Auto mode currently behaves like Recreate. In-place updates (without Pod restart) are planned for future Kubernetes versions.

Creating VPA

Basic VPA Example

Create a Deployment:

Kubernetesapp-deployment.yml
apiVersion: apps/v1
kind: Deployment
metadata:
    name: my-app
spec:
    replicas: 2
    selector:
        matchLabels:
            app: my-app
    template:
        metadata:
            labels:
                app: my-app
        spec:
            containers:
                - name: app
                  image: nginx:1.25
                  resources:
                      requests:
                          cpu: "100m"
                          memory: "128Mi"
                      limits:
                          cpu: "200m"
                          memory: "256Mi"

Create VPA:

Kubernetesapp-vpa.yml
apiVersion: autoscaling.k8s.io/v1
kind: VerticalPodAutoscaler
metadata:
    name: my-app-vpa
spec:
    targetRef:
        apiVersion: apps/v1
        kind: Deployment
        name: my-app
    updatePolicy:
        updateMode: "Auto"

Apply:

Kubernetesbash
kubectl apply -f app-deployment.yml
kubectl apply -f app-vpa.yml

VPA with Resource Policy

Control which resources VPA can modify:

Kubernetesvpa-with-policy.yml
apiVersion: autoscaling.k8s.io/v1
kind: VerticalPodAutoscaler
metadata:
    name: my-app-vpa
spec:
    targetRef:
        apiVersion: apps/v1
        kind: Deployment
        name: my-app
    updatePolicy:
        updateMode: "Auto"
    resourcePolicy:
        containerPolicies:
            - containerName: "app"
              mode: "Auto"
              minAllowed:
                  cpu: "50m"
                  memory: "64Mi"
              maxAllowed:
                  cpu: "1000m"
                  memory: "1Gi"
              controlledResources:
                  - cpu
                  - memory

Resource Policy Options:

  • mode: Auto, Off (per container)
  • minAllowed: Minimum resource values
  • maxAllowed: Maximum resource values
  • controlledResources: Which resources to manage (cpu, memory)

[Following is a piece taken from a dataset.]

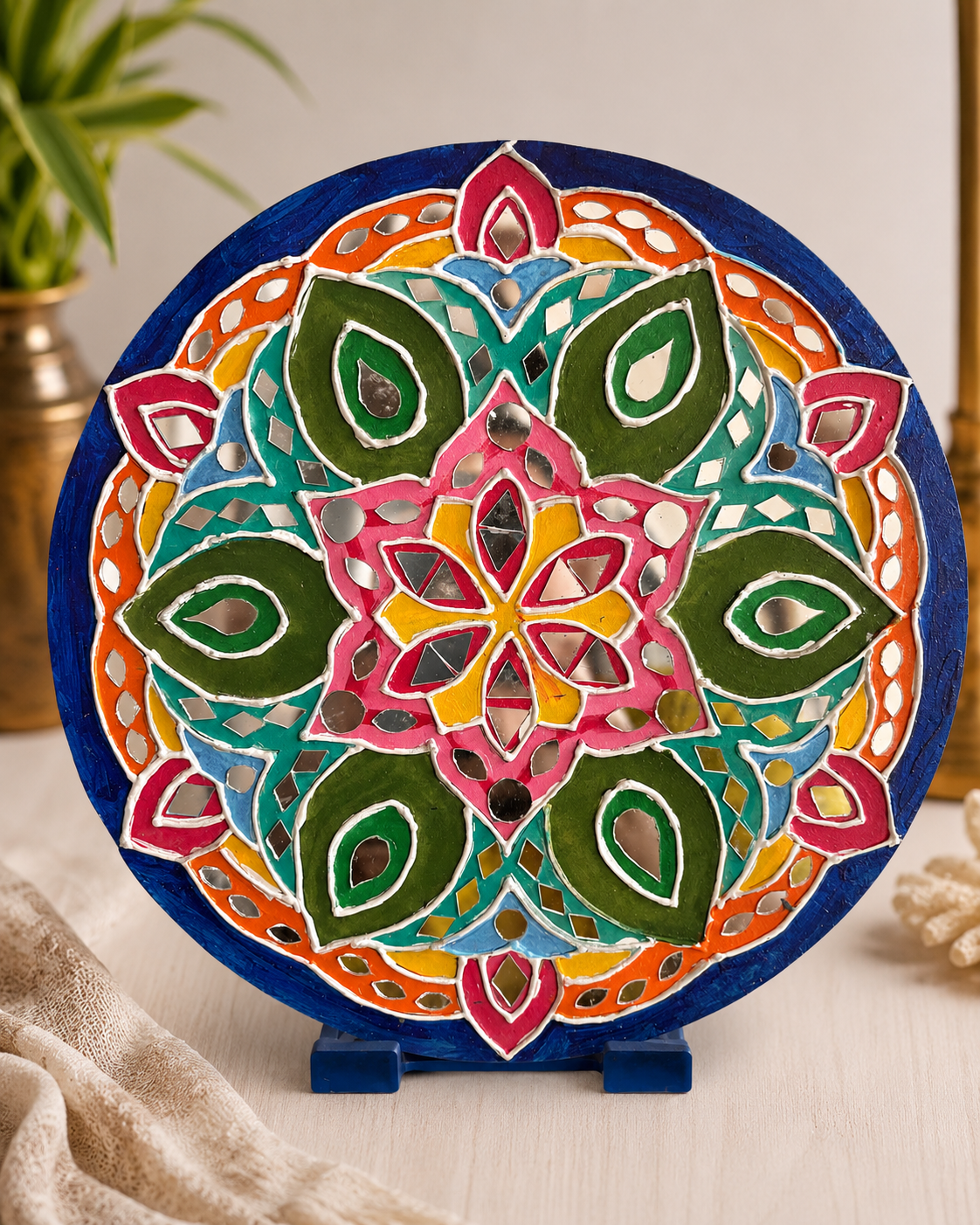 Handmade Mirror Work Decorative Mandala Plate | Multicolor Lippan Art Table & Wall Décor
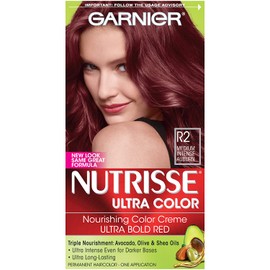 Garnier Nutrisse Ultra Color Nourishing Permanent Hair Color Cream, R2 Medium Intense Auburn (1 Kit) Red Hair Dye (Packaging May Vary), Pack of 1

VPA for Specific Containers

Target specific containers in multi-container Pods:

Kubernetesvpa-multi-container.yml
apiVersion: autoscaling.k8s.io/v1
kind: VerticalPodAutoscaler
metadata:
    name: my-app-vpa
spec:
    targetRef:
        apiVersion: apps/v1
        kind: Deployment
        name: my-app
    updatePolicy:
        updateMode: "Auto"
    resourcePolicy:
        containerPolicies:
            # Main application container
            - containerName: "app"
              mode: "Auto"
              minAllowed:
                  cpu: "100m"
                  memory: "128Mi"
              maxAllowed:
                  cpu: "2000m"
                  memory: "2Gi"
            # Sidecar container
            - containerName: "sidecar"
              mode: "Off"  # Don't modify sidecar

Viewing VPA Recommendations

Get VPA Status

Kubernetesbash
kubectl get vpa

Output:

Kubernetesbash
NAME         MODE   CPU    MEM       PROVIDED   AGE
my-app-vpa   Auto   150m   256Mi     True       5m

Describe VPA

Kubernetesbash
kubectl describe vpa my-app-vpa

Output shows recommendations:

Kubernetesbash
Name:         my-app-vpa
Namespace:    default
API Version:  autoscaling.k8s.io/v1
Kind:         VerticalPodAutoscaler
 
Recommendation:
  Container Recommendations:
    Container Name:  app
    Lower Bound:
      Cpu:     100m
      Memory:  128Mi
    Target:
      Cpu:     150m
      Memory:  256Mi
    Uncapped Target:
      Cpu:     150m
      Memory:  256Mi
    Upper Bound:
      Cpu:     300m
      Memory:  512Mi

Recommendation Fields:

  • Lower Bound: Minimum recommended (avoid OOMKills)
  • Target: Recommended optimal value
  • Uncapped Target: Recommendation without policy limits
  • Upper Bound: Maximum recommended (avoid waste)

View VPA YAML

Kubernetesbash
kubectl get vpa my-app-vpa -o yaml

Practical Examples

Example 1: Web Application with VPA

Kubernetesweb-app-vpa.yml
apiVersion: apps/v1
kind: Deployment
metadata:
    name: web-app
spec:
    replicas: 3
    selector:
        matchLabels:
            app: web
    template:
        metadata:
            labels:
                app: web
        spec:
            containers:
                - name: nginx
                  image: nginx:1.25
                  ports:
                      - containerPort: 80
                  resources:
                      requests:
                          cpu: "100m"
                          memory: "128Mi"
                      limits:
                          cpu: "500m"
                          memory: "512Mi"
---
apiVersion: autoscaling.k8s.io/v1
kind: VerticalPodAutoscaler
metadata:
    name: web-app-vpa
spec:
    targetRef:
        apiVersion: apps/v1
        kind: Deployment
        name: web-app
    updatePolicy:
        updateMode: "Auto"
    resourcePolicy:
        containerPolicies:
            - containerName: "nginx"
              minAllowed:
                  cpu: "50m"
                  memory: "64Mi"
              maxAllowed:
                  cpu: "1000m"
                  memory: "1Gi"

Example 2: Database with VPA (Recommendation Only)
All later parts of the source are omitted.